- _EXERCISE_:
Below are entries. Copy exactly the lines running from the line that holds "Used 2019 Audi A7 3.0T Premium Plus" to the line that holds "فيلم Evil Under the Sun 1982 مترجم - HD", with both ends included.

- _PROVIDED RECORDS_:
------------------------

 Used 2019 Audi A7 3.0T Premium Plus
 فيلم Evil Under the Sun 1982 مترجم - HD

------------------------

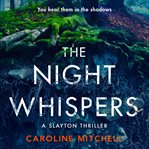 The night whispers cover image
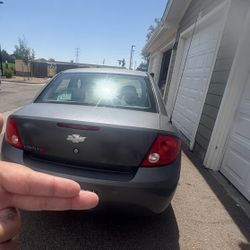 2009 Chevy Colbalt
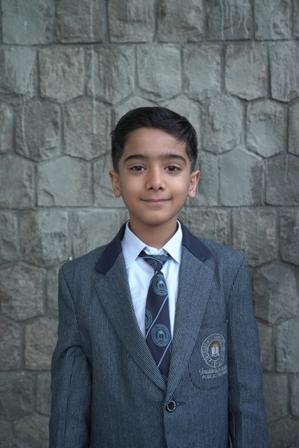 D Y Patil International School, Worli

------------------------

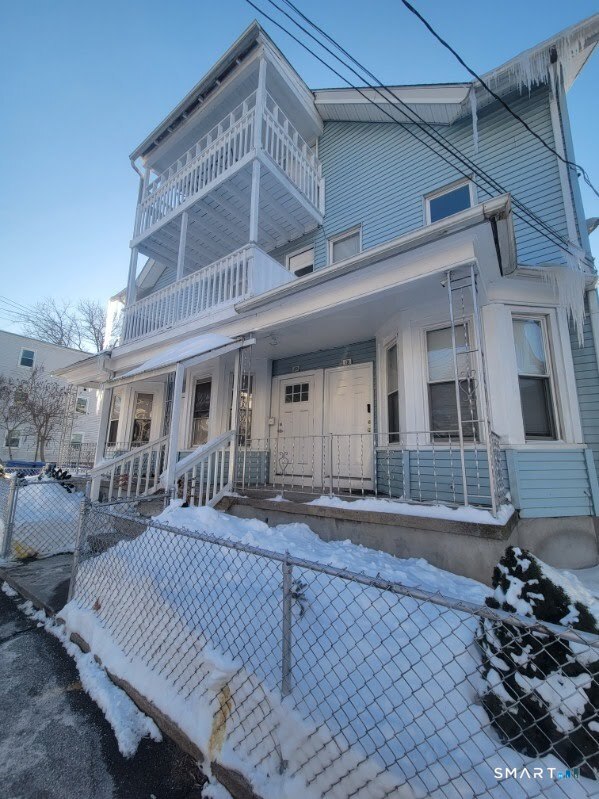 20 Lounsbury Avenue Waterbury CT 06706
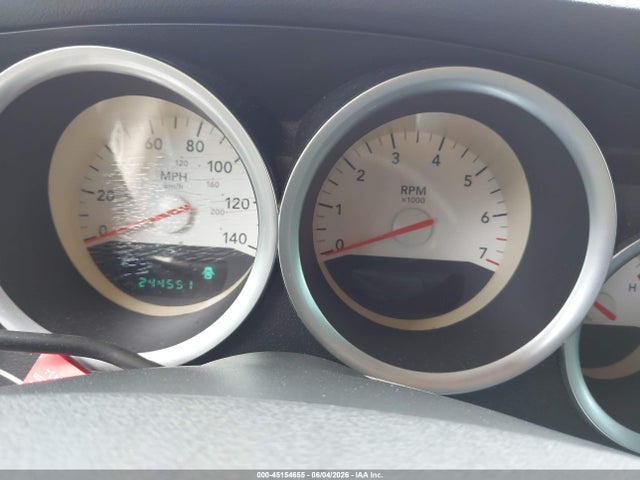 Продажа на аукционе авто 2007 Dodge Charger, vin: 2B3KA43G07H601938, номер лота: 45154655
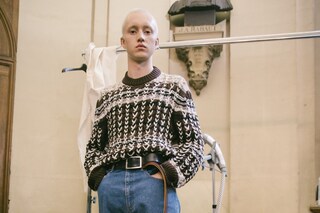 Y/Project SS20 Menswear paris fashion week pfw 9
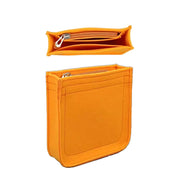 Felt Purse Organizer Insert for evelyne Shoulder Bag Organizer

------------------------

- _SOLVED EXERCISE_:
 Used 2019 Audi A7 3.0T Premium Plus
 فيلم Evil Under the Sun 1982 مترجم - HD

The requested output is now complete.